|Reviews for Other Ways|
| Rain Crow chapter 3 . 9/15/2003
More... more... MORE!
Eh, heh, sorry. Well, now I've read both your stories and so far I'm of the opinion that you're the best Inuyasha fic writer I've come across.
I hope you get more on both fics done soon, because I'm dieing to know what happens next.
| TsukiLove chapter 3 . 9/10/2003
*blink* wait...why 'oh shit'! Whats gonna haappenn *dies*
Write more...must...know...addicted...gah *falls over*
*ahem* ok - im ok now *cough* So yes - looks very promising, you have me wrapped up in its confusingness already! Can't wait to see more and keep up the fab writing .
| Aejavu chapter 3 . 8/27/2003
*laughs* This is great! Hope you update soon!
| Angelstars chapter 3 . 8/24/2003
I like this idea a lot! Continue soon, the suspence is killing.. great plot, great story, great writing! I'm hocked already!

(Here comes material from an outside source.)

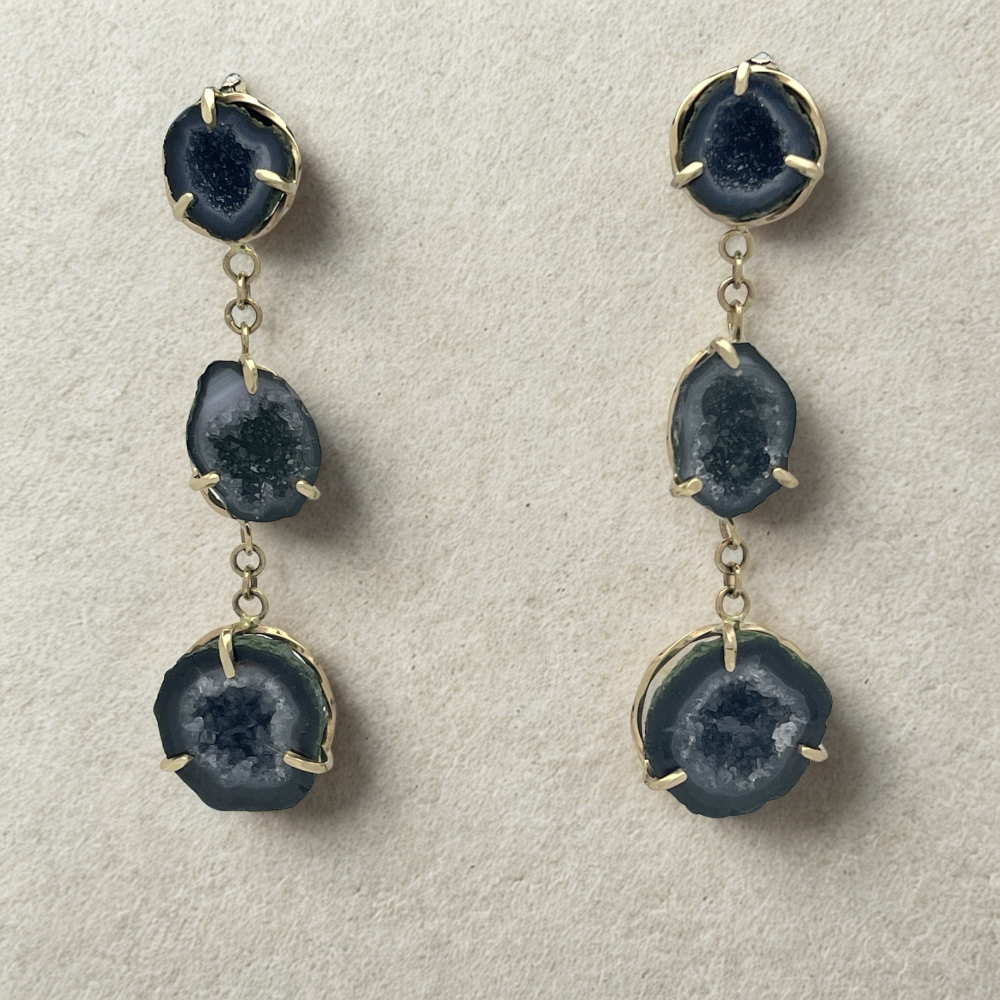 Gold dangle drop earrings. Each earring has three blue geodes, hanging straight down from each other. Each geode is set into a three prong gold setting.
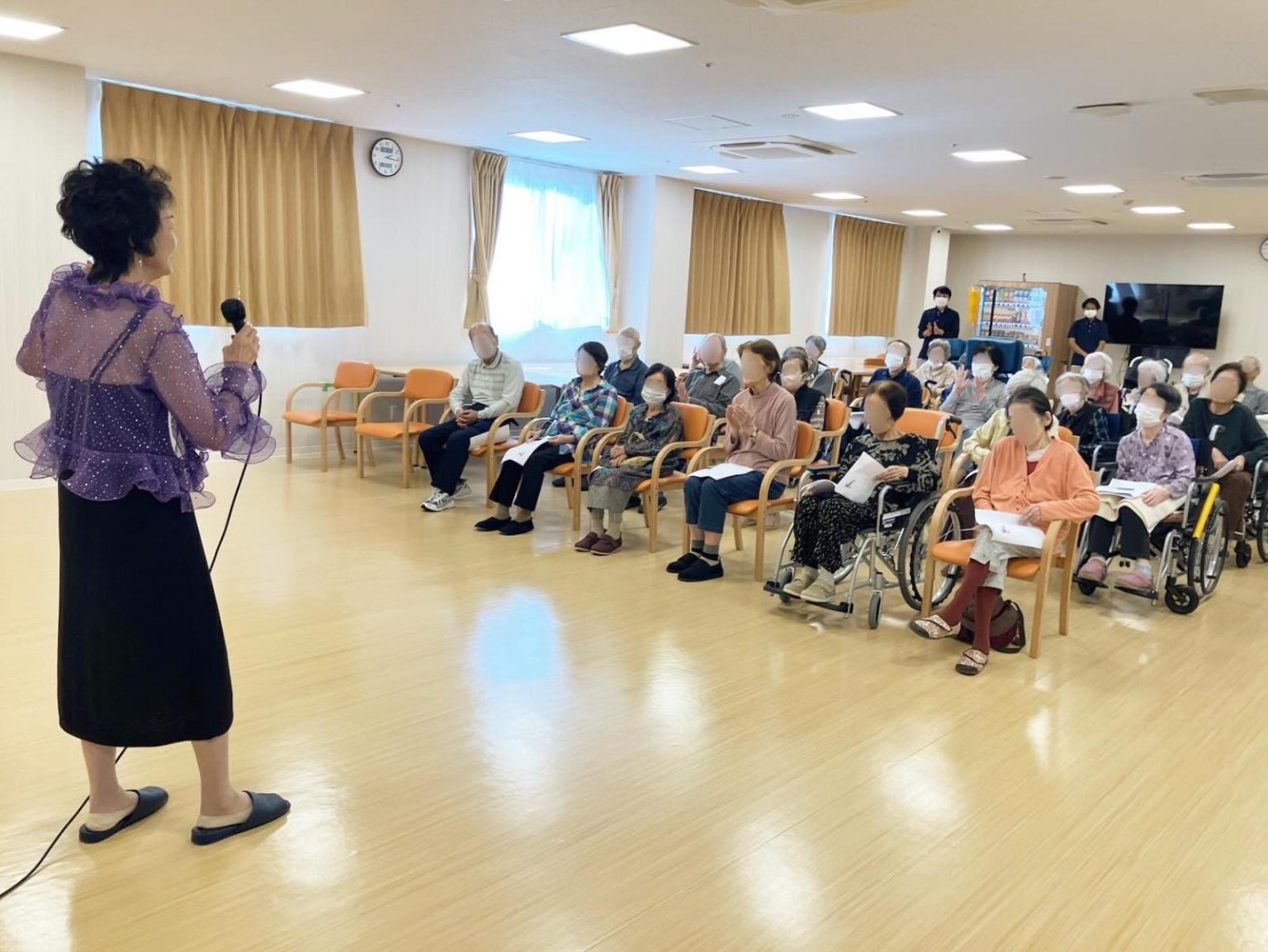 介護施設でのレクリエーション行事。スタッフが入居者に向けて演技・講演を行っている場面。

| Dilandra chapter 3 . 8/20/2003
Gah! Oh shit WHAT? You ensnare me with two of your stories in ONE day. Not bad...hehehe.
Please update soon!
*stumbles away muttering 'oh shit' WHAT, damn it?*
| Almaseti chapter 3 . 8/16/2003
Interesting. I like what's here, but it seems like very little happens per chapter. Mechanics-wise, it seems fine to me, and while I might be able to find some little problems if I looked closely, and I like your writing style a lot. Functional and descriptive, not too long winded. If I had any space on my faves list I'd probably add this to it.
p.s. Still thinking...
| Gone to fictionpress chapter 3 . 8/16/2003
O.O o this is interesting! _ please continue! i really want to wee what happens!
| Jessi Lynn chapter 3 . 8/8/2003
*blinks* Okay, I'm confused... Why do they look so different that they can't recognize eachother? Being a little skinnier and not having the dog ears shouldn't be enough... And where are they? And what does the Noi guy know about Naraku and Inuyasha?
I'm still confused.
But you're doing a good job so far! It looks interesting.
| E. Marie chapter 3 . 8/8/2003
Lol-though I'm not by nature a muffin fan, I'd be willing to try some if it helps me write darker fanfiction. Another great chapter. Update soon~
| inuyashagirl chapter 1 . 8/7/2003
I love this story! I can't wait to find out what happens! Keep writing! :D
| Almaseti chapter 2 . 8/6/2003
I like it, but I have no idea what the hell is going on...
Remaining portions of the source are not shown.